Assignment:
From the entries below, copy exactly the lines from the one that contains "Vince cream" through the one that contains "BAU VASE.RED", both included, and only those.
(Beginning of Records for this task)
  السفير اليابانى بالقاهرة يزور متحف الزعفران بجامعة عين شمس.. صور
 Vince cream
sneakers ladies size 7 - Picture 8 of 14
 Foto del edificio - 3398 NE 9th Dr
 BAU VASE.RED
(End of Records for this task)
(Beginning of Records for this task)
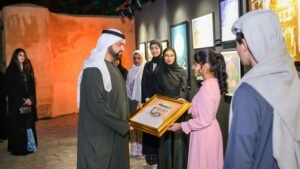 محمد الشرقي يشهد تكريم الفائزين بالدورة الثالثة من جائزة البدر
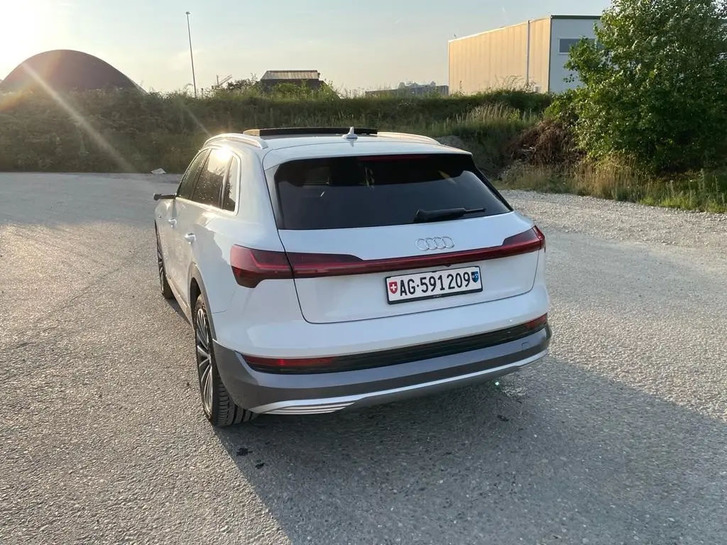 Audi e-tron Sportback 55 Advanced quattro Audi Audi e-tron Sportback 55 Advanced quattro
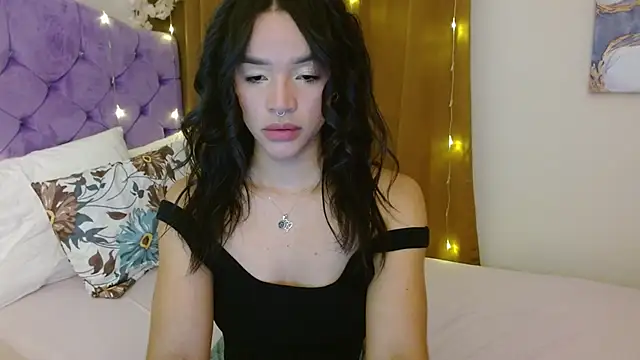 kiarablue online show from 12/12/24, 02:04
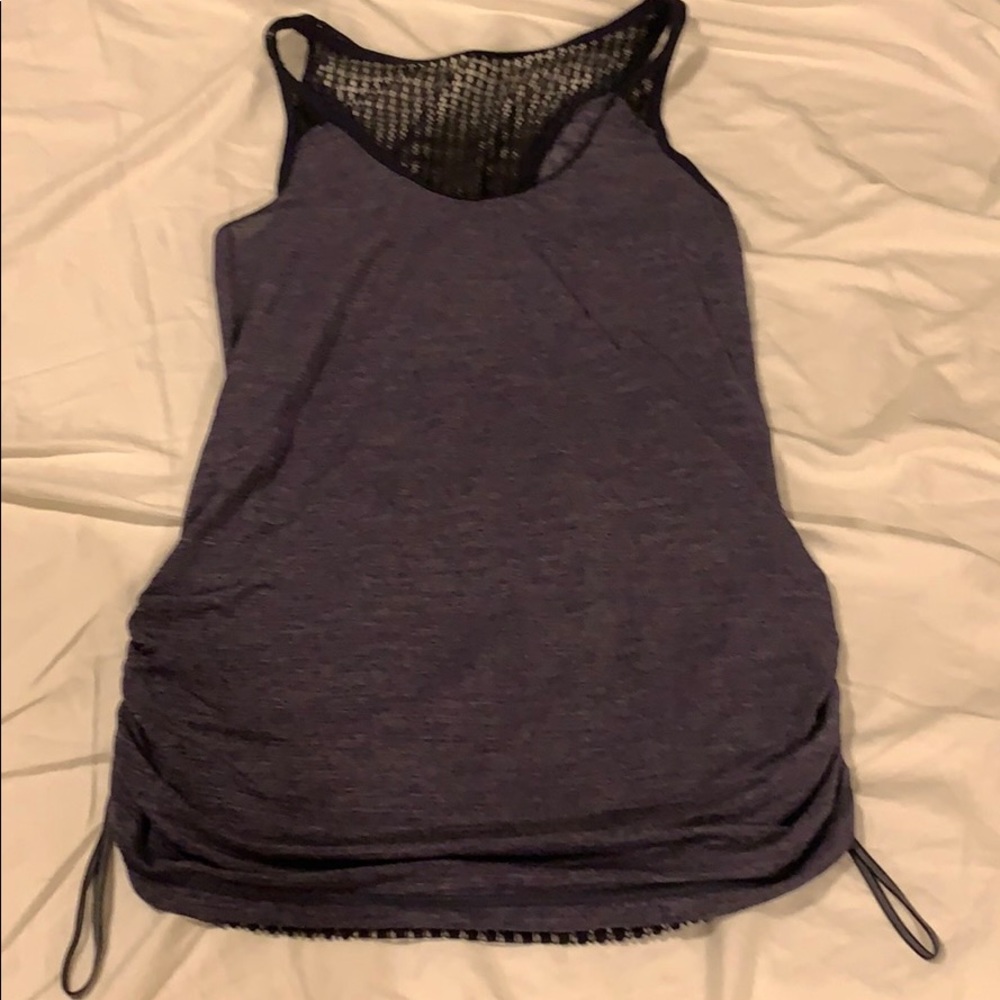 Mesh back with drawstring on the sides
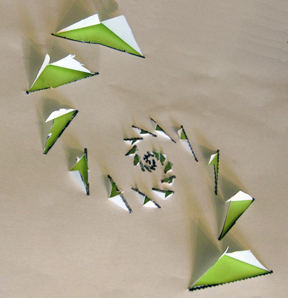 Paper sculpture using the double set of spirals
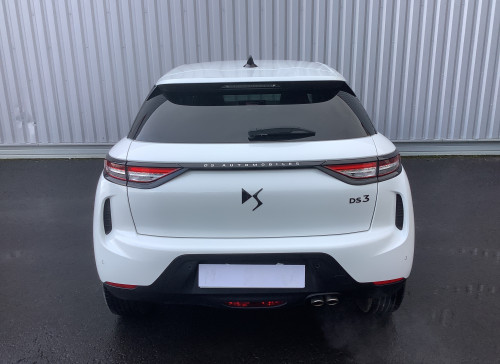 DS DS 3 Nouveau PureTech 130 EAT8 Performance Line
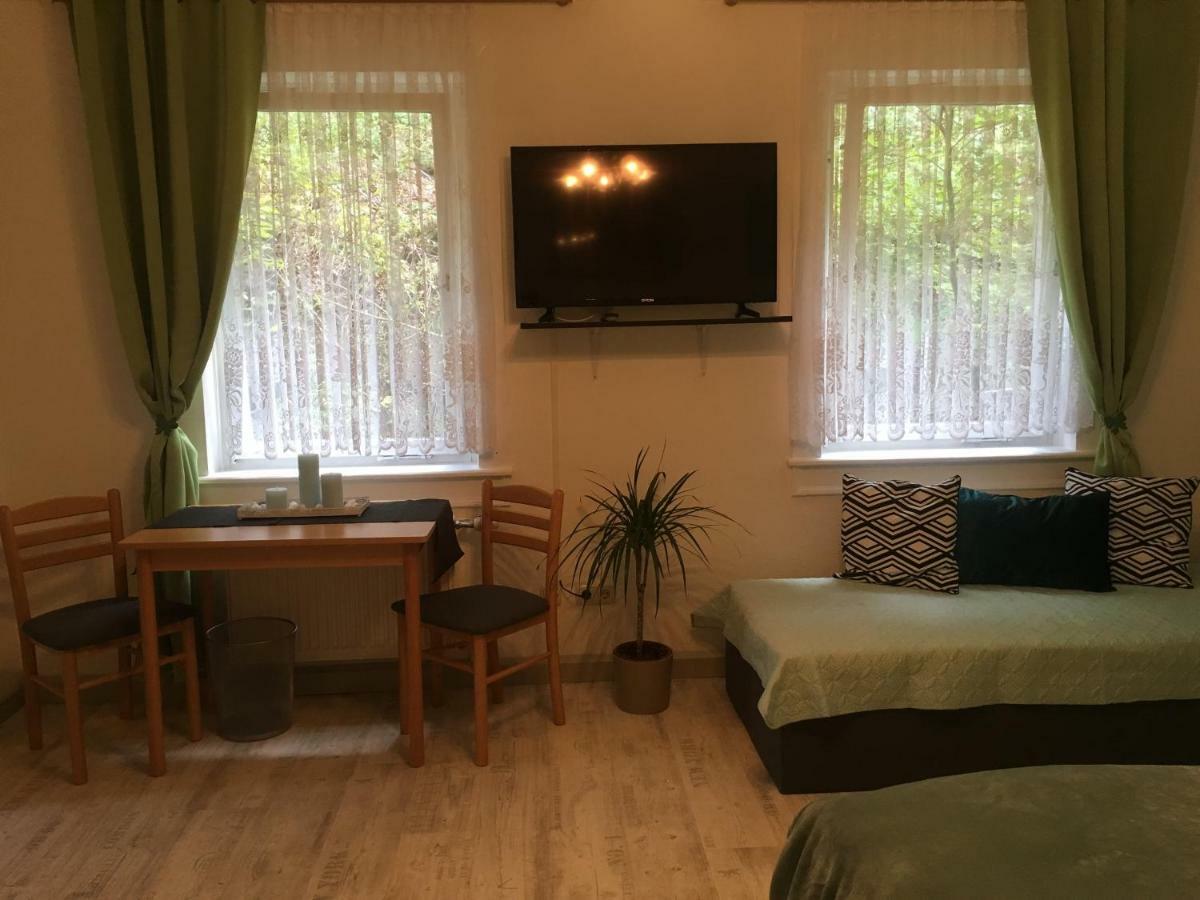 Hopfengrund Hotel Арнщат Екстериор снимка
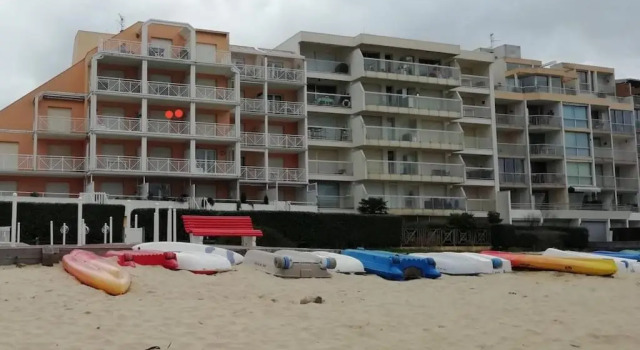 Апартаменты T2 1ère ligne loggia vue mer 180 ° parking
(End of Records for this task)
(Beginning of Records for this task)
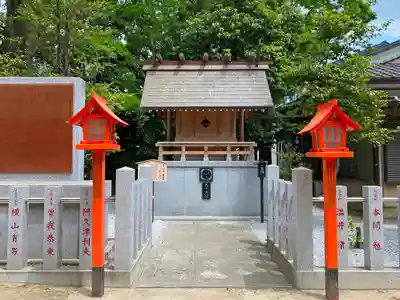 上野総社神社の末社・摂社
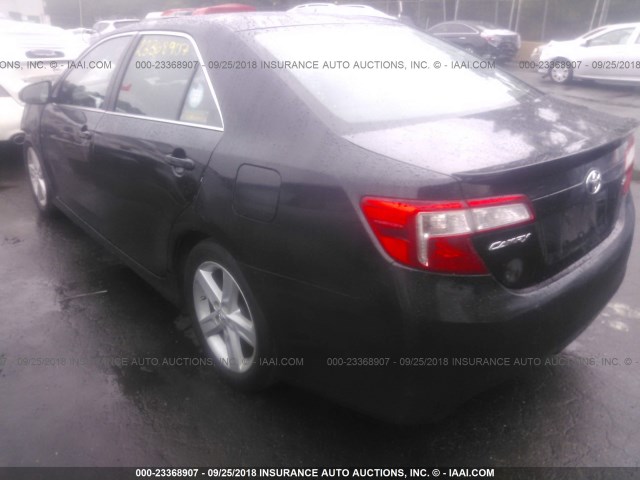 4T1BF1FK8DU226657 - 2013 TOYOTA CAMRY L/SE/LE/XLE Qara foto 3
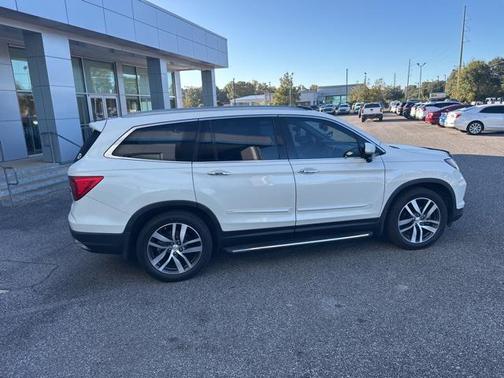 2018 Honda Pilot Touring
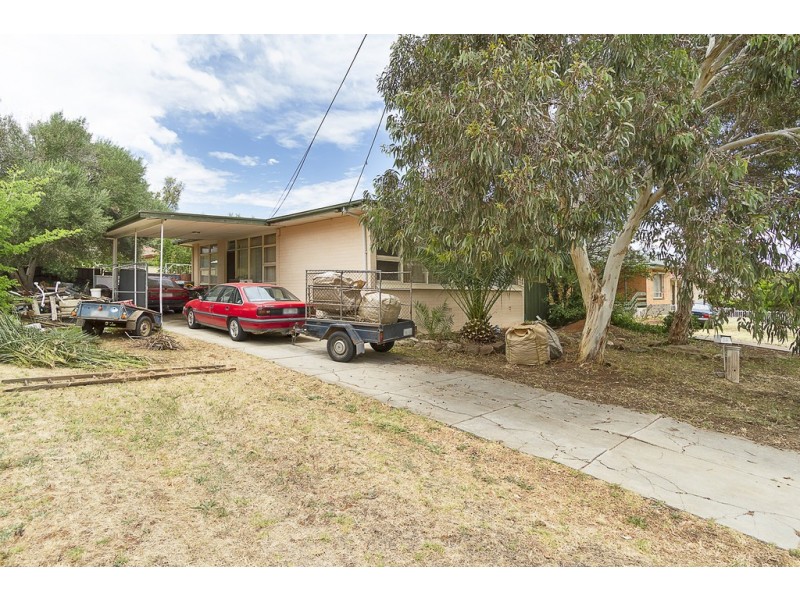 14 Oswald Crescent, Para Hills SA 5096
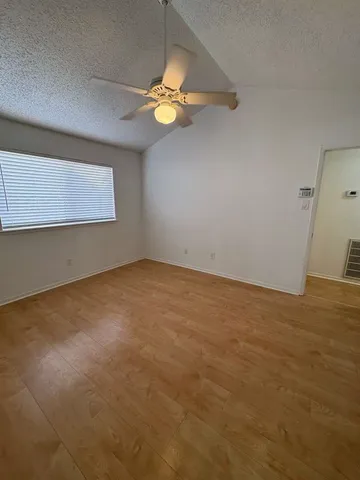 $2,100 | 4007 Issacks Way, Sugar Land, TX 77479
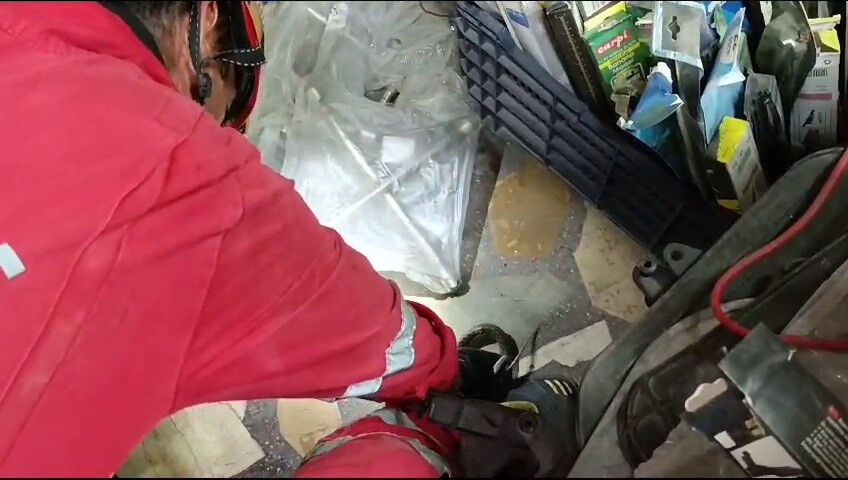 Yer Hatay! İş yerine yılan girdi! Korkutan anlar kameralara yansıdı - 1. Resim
(End of Records for this task)
Exercise solution:
 Vince cream
sneakers ladies size 7 - Picture 8 of 14
 Foto del edificio - 3398 NE 9th Dr
 BAU VASE.RED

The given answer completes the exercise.